Truth be told, Salt has done more for Ghana and Africa than gold ever did, salt does not glitter, but it works and it is crystal. It preserves food, supports health through iodization, enables agriculture, and underpins industries ranging from chemicals and pharmaceuticals to water treatment and manufacturing.

Salt builds value chains, not just export statistics. Yet Africans! Yes the Blackman continues to treat salt as a low-value commodity while importing refined industrial salt at high cost. This is not a failure of salt—it is a failure of policy, investment, and vision.

“If Africa industrialized salt the way it mines gold, it would create more jobs, stronger manufacturing bases, and greater economic resilience” (Mr. Kwame A. Apeaning)

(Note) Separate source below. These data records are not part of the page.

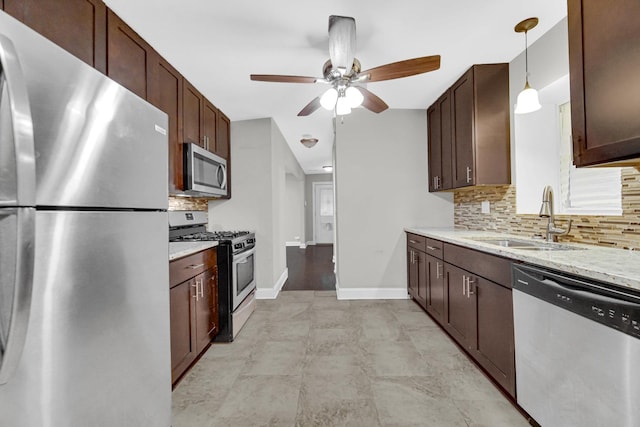 kitchen with light stone counters, stainless steel appliances, a sink, baseboards, and tasteful backsplash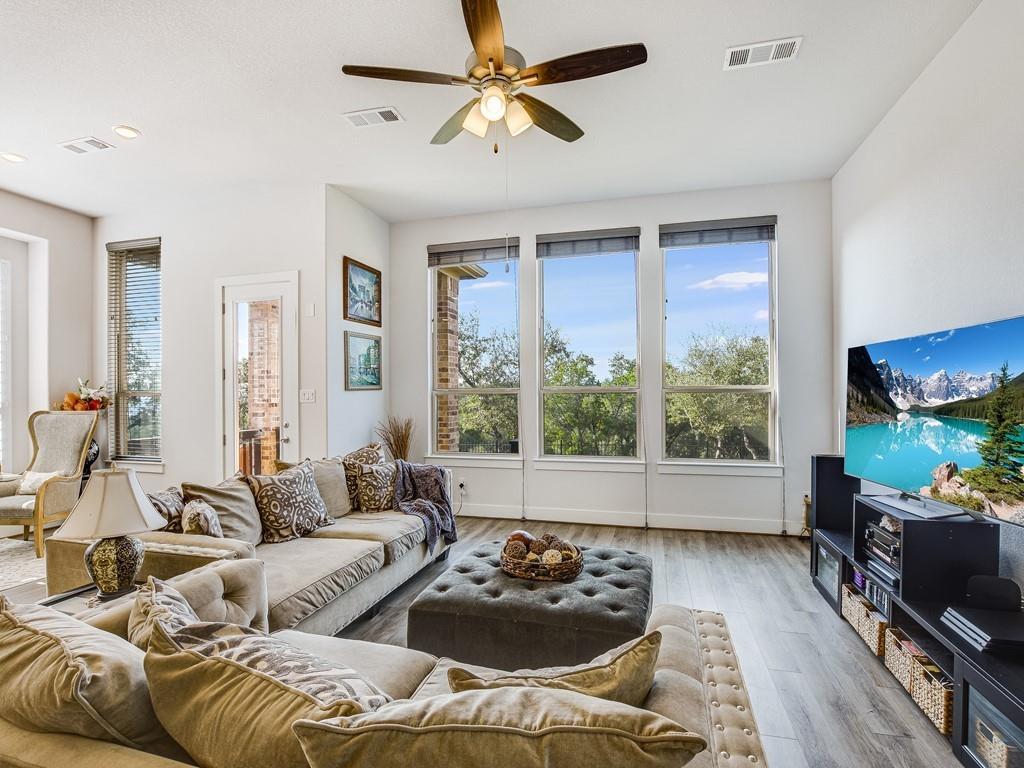 8409 Prairie Rye Drive Lago Vista, TX 78645 - Photo 5 of 17 a living room with furniture and a flat screen tv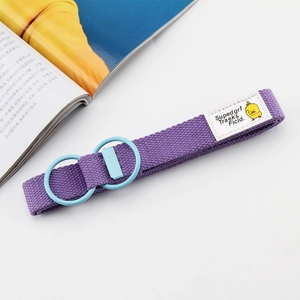 Detail of purple canvas belt with light blue double D-ring buckle and cartoon duck tag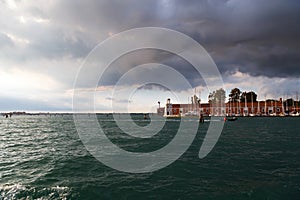 Venice, the lighthouse Faro of San Giorgio Maggiore island viewed from water, from sailboat with dark blue stormy sky at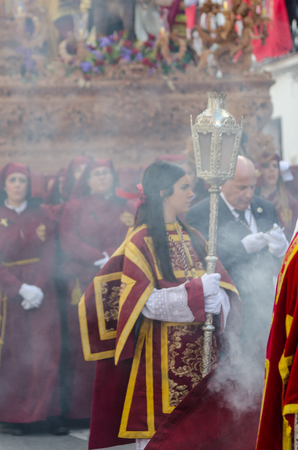 VELEZ-MALAGA, SPAIN - MARCH 25, 2018 People participating in the procession  in the Holy Week in a Spanish city, easterのeditorial素材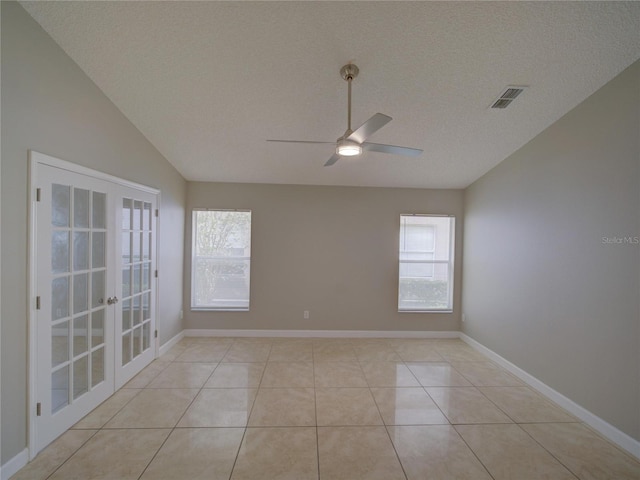 879 Nonastone Run, Casselberry, FL 32707 - empty room with french doors, ceiling fan, a textured ceiling, baseboards, and light tile patterned floors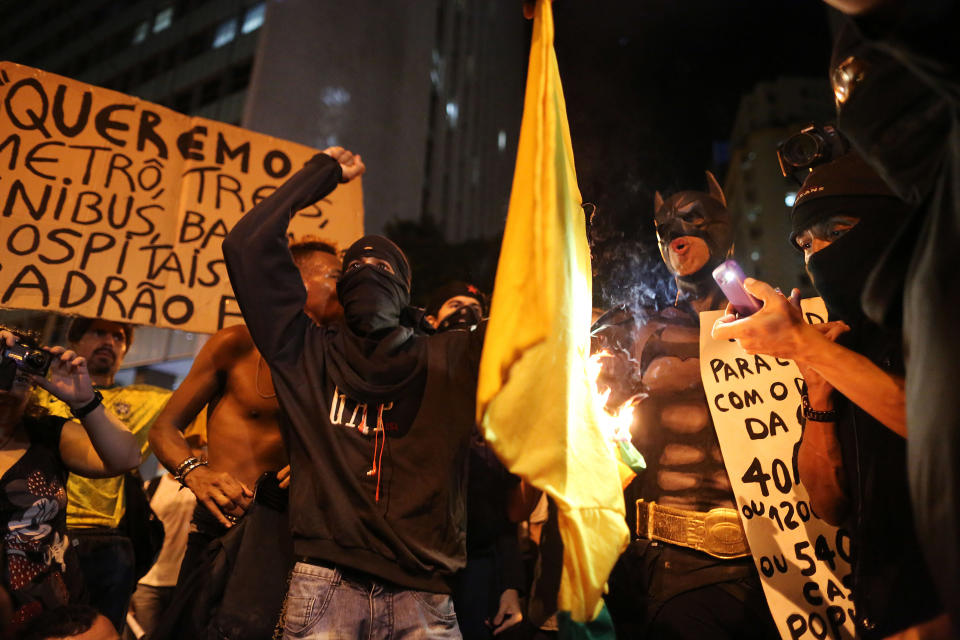 Masked demonstrators set fire to a jersey with the colors of Brazilian national soccer team during protest against the World Cup 2014, in Rio de Janeiro, Brazil, Thursday, March 27, 2014. Demonstrators call for better schools, health care, questioning the billions spent to host this year's World Cup and the 2016 Olympics. (AP Photo/Leo Correa)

Is gold’s financial security for others or for development for Ghana and Africa?

Guess the answer!

Gold will remain relevant globally as a hedge against inflation and geopolitical uncertainty. Central banks will continue to hoard it. Investors will continue to fearfully run to it in times of crisis. But, none of this guarantees factories, skills and inclusivity or prosperity in Africa. Gold’s future is tied to finance and speculation, not industrial transformation.

Without radical local value addition, gold will remain an extractive dead end and that is  where salts’ future begins! The future global economy favors industrial inputs, not symbols. Salt demand is rising in energy storage, renewable technologies, chemical manufacturing, water treatment, and pharmaceuticals. These sectors create jobs, skills, and domestic value.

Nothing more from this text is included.